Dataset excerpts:

=== Section Start ===

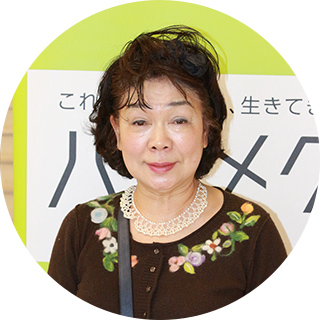 雑誌ハルメク 公式 50代からの心豊かな生き方 暮らし方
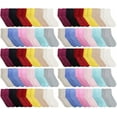 thumbnail image 1 of Yacht & Smith Women Fuzzy Socks Crew Socks, Warm Butter Soft (9-11) (60 Pairs Solid Gripper), 1 of 3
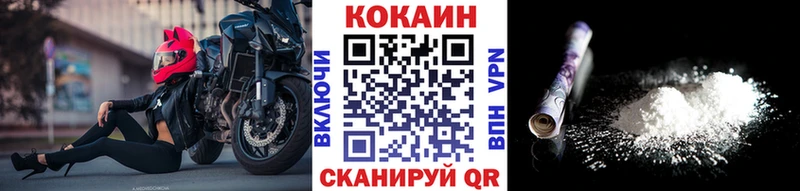 COCAIN Эквадор  Ковылкино 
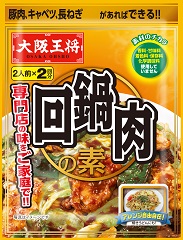 大阪王将　回鍋肉の素　2人前×2回分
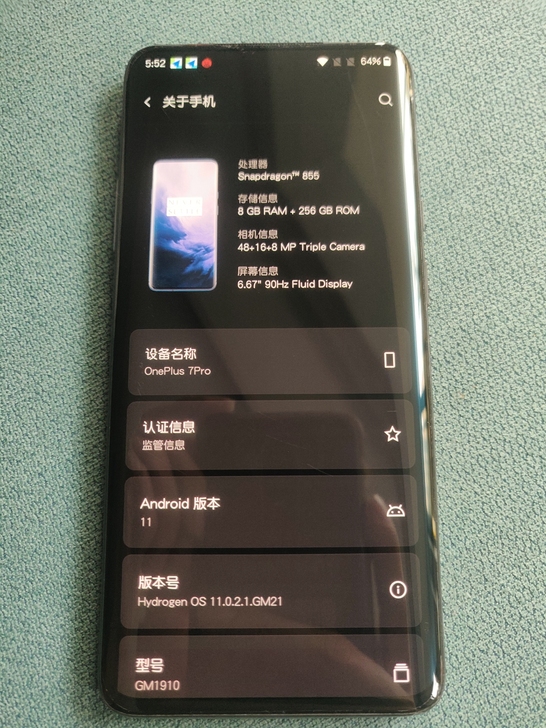 一加7pro，8+256，屏幕有划痕，有烧...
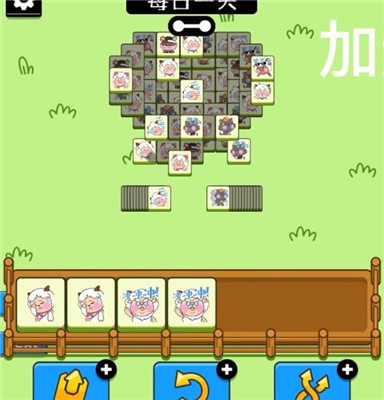 安卓喜羊羊了个羊软件下载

=== Section End ===

In the records above, locate the line with "大阪王将　回鍋肉の素　2人前×2回分"; output it and each line after it through the last one, exactly, omitting pictures.

*REPLY*
 大阪王将　回鍋肉の素　2人前×2回分
 一加7pro，8+256，屏幕有划痕，有烧...
 安卓喜羊羊了个羊软件下载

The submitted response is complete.